インサイダー取引事案。金商法施行令の「公開」の意義。リーク報道がされた場合のインサイダー取引規制。
最高裁H28.11.28
<事案>
経済産業省大臣官房審議官であった被告人が、職務上の権限の行使に関し、上場会社であるNECエレクトロニクス㈱の業務執行を決定する機関が、株式会社ルネサステクノロジと合弁することについての決定をした旨の重要事実を知った⇒その公表前に、NECエレクトロニクス社の株券合計5000株を代金合計489万7900円で買い付けたというインサイダー取引の事案。

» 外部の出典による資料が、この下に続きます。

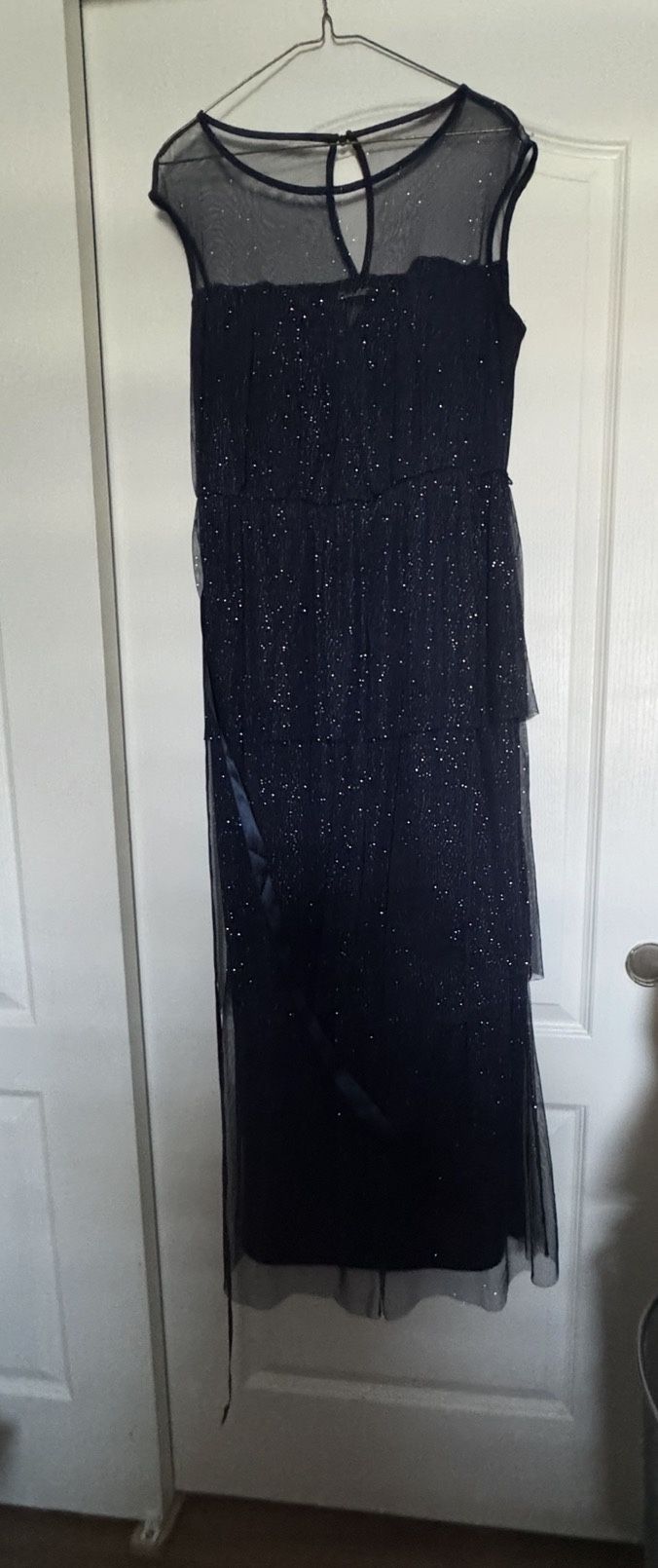 Women’s Size L Evening Dress Comes With Belt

本件の重要事実であるNECエレクトロニクス社とルネサステクノロジ社の合併に関する意思決定は、両社及び親会社の連名により、平成21年4月27日に適時開示されているところ、これに先立つ同月21日から同月27日の間に、被告人はNECエレクトロニクス社㈱の購入を行った。
<解説>
金商取引法(塀絵師23年法律第49号による改正前のもの)166条4項及びその委任を受けた金融商品取引法施行令(平成23年政令第181号による改正前のもの)30条は、インサイダー取引規制の解除要件である重要事実の「公表」の方法を、
(1)有価証券届出書・報告書等の、公衆の縦覧
(2)報道機関(2以上を含む報道機関に対して公開)し、12時間経過
(3)取引所への通知と公衆への縦覧(適時開示)
<弁護人主張>
平成21年4月16日付け日本経済新聞朝刊及びそれに引き続く一連の報道において、本件の重要事実を内容とする情報源不明のリーク報道
⇒
論点①本件重要事実は、施行令30条1項1号に基づき公表され、法166条1項によるインサイダー取引規制の対象外となった可能性が高く、少なくともかかる方法により公表されていないことにつき検察官が立証責任を果たしていない。

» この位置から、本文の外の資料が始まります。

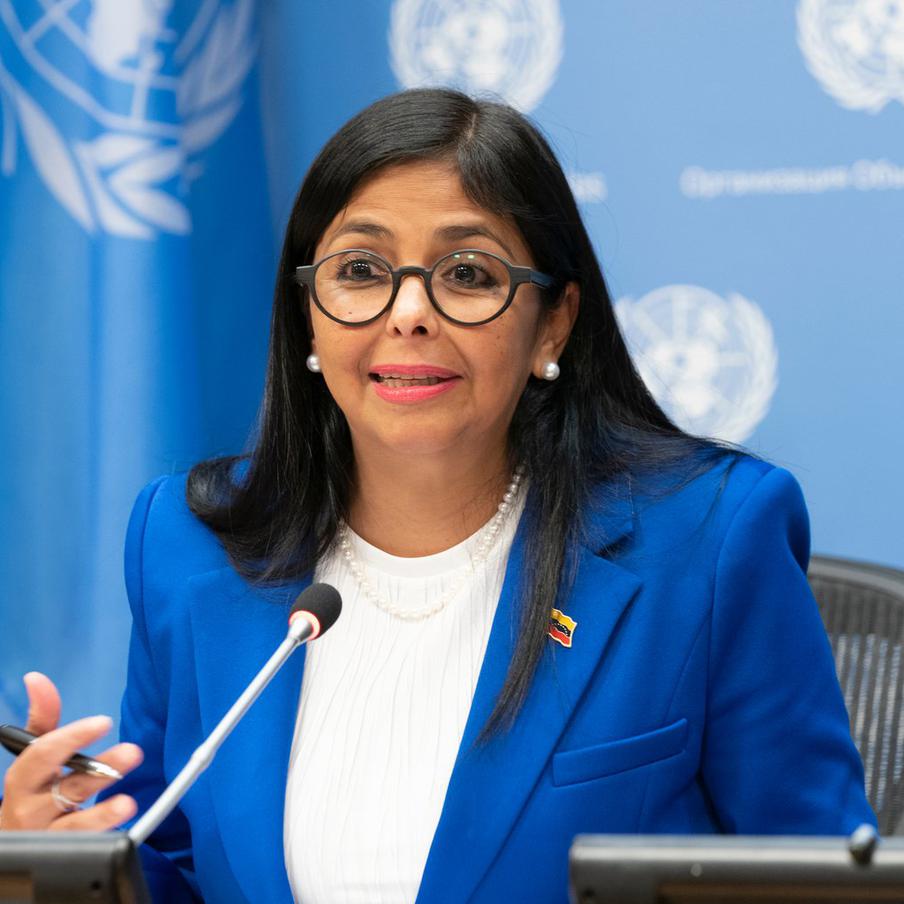 Родригес заявила, что США угрожали убийствами при отказе сотрудничать. Во время операции по задержанию президента Венесуэлы Николаса Мадуро американские военные угрожали бывшему вице-президенту и исполняющему обязанности президента Делси Родригес, а также министрам иностранных дел Хорхе Арреасу и внутренних дел Диосдадо Кабельо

論点②本件重要事実は、一連のリーク報道により公知の状態に⇒法166条所定の「重要事実」性を喪失し、インサイダー取引規制の効力が失われていた。
<判断>
法令上、重要事実の公表の方法として限定的かつ詳細な規定が設けられた趣旨:
「投資家の投資判断に影響を及ぼすべき情報が、法令に従って公平かつ平等に投資家に開示されることにより、インサイダー取引規制の目的である市場取引の公平・公正及び市場に対する投資家の信頼の確保に資するとともに、インサイダー取引規制の対象者に対し、個々の取引が処罰等の対象となるか否かを区別する基準を明確に示すことにあると解される。」
論点①について:
かかる法令の趣旨に照らせば、施行令30条1項1号の方法は、
「当該報道機関が行う報道の内容が、同号所定の主体によって公開された情報に基づくものであることを、投資家において確定的に知ることができる態様で行われることを前提としていると解される」
「情報源を公にしないことを前提とした報道機関に対する重要事実の伝達は、たえその主体が同号に該当する者であったとしても、同号にいう重要事実の報道機関に対する「公開」にあは当たらない」
⇒本件において同号に基づく、「公開」はされていない。
論点②について:
所論のような解釈は「当該報道に法166条所定の「公表」と実質的に同地の効果を認めるに等しく」、「公表の方法について限定的かつ詳細な規定を設けた法令の趣旨と基本的に相容れない」とした上、
「会社の意思決定に関する重要事実を内容とする報道がされたとしても、情報源が公にされない限り、法166条1項によるインサイダー取引規制の効力がうしなわれることはない」
と判示。
<解説>
最高裁判例が存在しない方166条4項の「公表」を巡る論点のうち、リークないしリーク報道とインサイダー取引規制の効力の関係について初判断を示したもの。